There will be several issues on the agenda when the heads of the 20 leading industrialized nations meet in Los Cabos, Mexico on Monday; the fight against youth unemployment, protecting the global environment and free trade. These are all problems that are of "critical importance," and not just for German Chancellor Angela Merkel.

But the chancellor knows that, once again, all of these issues will be swept aside and the discussions -- during meetings and dinners alike -- will focus primarily on the euro.

"Let's not kid ourselves," Merkel said with a sigh in German parliament last week. Europe's debt crisis will be the "central topic" of the summit meeting, as has so often been the case in recent months. Even worse, the German chancellor will face a united front against her.

Since the euro crisis has escalated, the chancellor has been more isolated than ever before. Everyone, from US President Barack Obama to French President François Hollande, British Prime Minister David Cameron to Italian Prime Minister Mario Monti, together with an army of international economists, financial experts and journalists, is demanding that the Germans take on a greater financial burden. There is talk of a "bank union," a "debt repayment fund" and, as has so often been the case in recent years, a communalization of debt in the form of euro bonds. Without them, the anti-Merkel alliance warns, there is no way to stop the debt crisis.

The crisis came to a dangerous head last week. The recent bail-out plan for Spanish banks, long delayed by Prime Minister Mariano Rajoy, failed to calm the financial markets.

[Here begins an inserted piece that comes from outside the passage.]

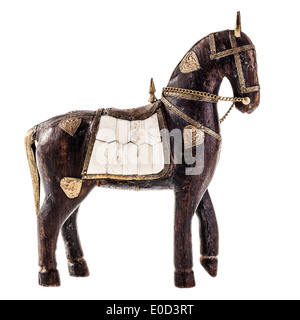 Une statuette ancienne représentant un cheval isolé sur fond blanc Banque D'Images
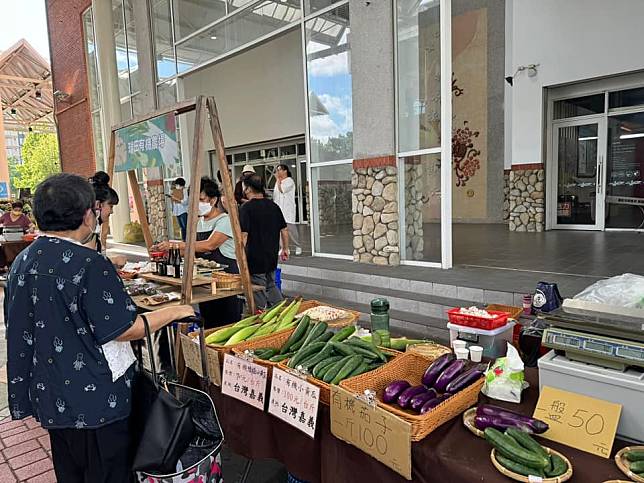 「釀未來・永續惜食」成果發表會暨市集， 透過展覽與市集活動，讓民眾近距離了解這些團隊如何運用在地食材、創新飲食文化及環保實踐。攝影：蕭紫菡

The risk premium on bonds issued by Madrid and Rome are rising rather than falling. And Greece, despiteconservatives having won the election over the weekend, could still withdraw from the euro zone.

'Europe Is Dead'

For the first time, senior officials in Berlin are openly discussing the possibility that the euro could fall apart. Europe, warns International Monetary Fund head Christine Lagarde, has but "three months" to save the euro. And a senior euro-zone diplomat in Brussels warns: "If Germany doesn't make a move, Europe is dead."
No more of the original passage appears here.